コメという植物、食物がそもそもややこしいのだ。

世界で米を語るにはジャポニカ:短粒種でネバネバ、インディカ:長粒種でパサパサ、と縄文研究の学生時代に覚えて、それでひととおり通用するかと思っていた。
ところがどっこい。

もう何年も前になるが、日本のPARCの知人に頼まれて、こちらのコメ事情を調べて驚いた。
ブラジルの日系社会で売られているブラジル産のモチ米は、長粒のインディカだったのだ。
インディカにもモチ種があるのか!

そもそもコメという植物は、他の亜種とたやすく交雑してしまうという。
さらに複雑なことに、ブラジルで南米産にもかかわらず日本米、あるいはオリエンタル料理用のコメとしてい売られているものには単粒種と長粒種があるのだ。
110有余年におよぶ日本人移民のブラジルでのコメ食の歴史と世代による嗜好の変化がうかがえて、これはこれで面白い。
おおざっぱな仮説をたてると、否応なくブラジルでコメを食べるとなると長粒、インディカ、パサパサ系のものが身近だった世代とその子孫は、本国のような単粒ネバリ系より長粒パサパサ系を好むようになってきているように思う。

さて。
コロナウイルスによる長期の外出制限令下で、わが家の米びつが空になる前に早めにおニューを購入しておいた。
在庫が底をつき、そのブラジル産日本米の5キロ入り未開封を開けることになった。
これを買った近所の日本食材店には長粒種ばかりで、僕の好む単粒種はだいぶ値段の違う2種しか見当たらず、しかたがなく安いほうのを買った。

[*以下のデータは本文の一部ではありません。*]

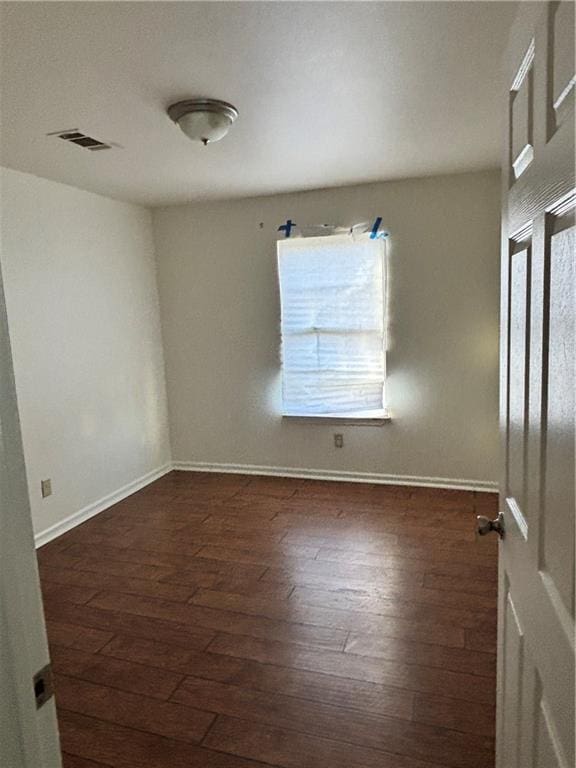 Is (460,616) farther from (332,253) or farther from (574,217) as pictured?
(332,253)

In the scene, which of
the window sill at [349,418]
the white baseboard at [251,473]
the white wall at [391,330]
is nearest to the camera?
the white baseboard at [251,473]

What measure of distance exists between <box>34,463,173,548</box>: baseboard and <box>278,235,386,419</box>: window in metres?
1.33

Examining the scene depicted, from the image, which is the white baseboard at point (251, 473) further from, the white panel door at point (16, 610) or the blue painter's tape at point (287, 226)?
the white panel door at point (16, 610)

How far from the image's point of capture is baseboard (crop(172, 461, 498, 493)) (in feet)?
12.9

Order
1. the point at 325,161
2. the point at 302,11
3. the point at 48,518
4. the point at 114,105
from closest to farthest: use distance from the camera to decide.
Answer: the point at 302,11, the point at 114,105, the point at 325,161, the point at 48,518

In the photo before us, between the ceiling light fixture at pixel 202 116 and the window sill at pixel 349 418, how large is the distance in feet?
7.87

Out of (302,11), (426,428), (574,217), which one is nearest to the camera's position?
(574,217)

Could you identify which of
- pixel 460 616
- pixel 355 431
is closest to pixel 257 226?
pixel 355 431

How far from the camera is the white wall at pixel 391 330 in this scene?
3.71m

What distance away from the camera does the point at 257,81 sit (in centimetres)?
200

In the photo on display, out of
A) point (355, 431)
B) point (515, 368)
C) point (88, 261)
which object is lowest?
point (355, 431)

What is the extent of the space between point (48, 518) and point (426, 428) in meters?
2.76

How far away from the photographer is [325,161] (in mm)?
3145

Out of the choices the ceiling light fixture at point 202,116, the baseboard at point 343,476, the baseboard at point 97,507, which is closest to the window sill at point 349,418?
the baseboard at point 343,476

といっても普通のブラジル米よりは倍以上のお値段である。
研ぐときからヘンだった。
何十年前に日本で出回っていたようなビタなんとか米のように黄色っぽい粒がある。
そもそもだいぶ砕けた感じ。

炊きあがりのニオイに仰天。
カビ臭だ。
ナマ米の臭いもかぐと、同じ不快臭がある。

家人にかがせると、農薬のニオイだという。
さて、農薬のニオイって?
そもそも彼女はどうしてそんなニオイを知っているのか?

サンパウロ州奥地での少女時代に、家族に連れられて行った町の知人の農薬販売店でこのニオイをかんだという。
農業技師だった父に聞くと、BHCという農薬の臭いだと言ったという。

BHC。
benzenhexachloride。
調べてみると、日本では残留毒性が強いため、1971年に使用禁止になっている。
『沈黙の春』、『複合汚染』。
ちなみにこのブラジルの「日本米」は日本の植物の名前を付けて売られているが、ブラジル南部の日系ではない穀物会社の販売だ。

いずれにしろ、これを食べるのはつらい。
とりあえず今日は、在庫のあった日本のふりかけをかけてごまかしごまかし食べる。

他のコメを買ってきて、少しずつ混ぜて使うか。
それもおかしい。
購入店に持っていって、かけあうか。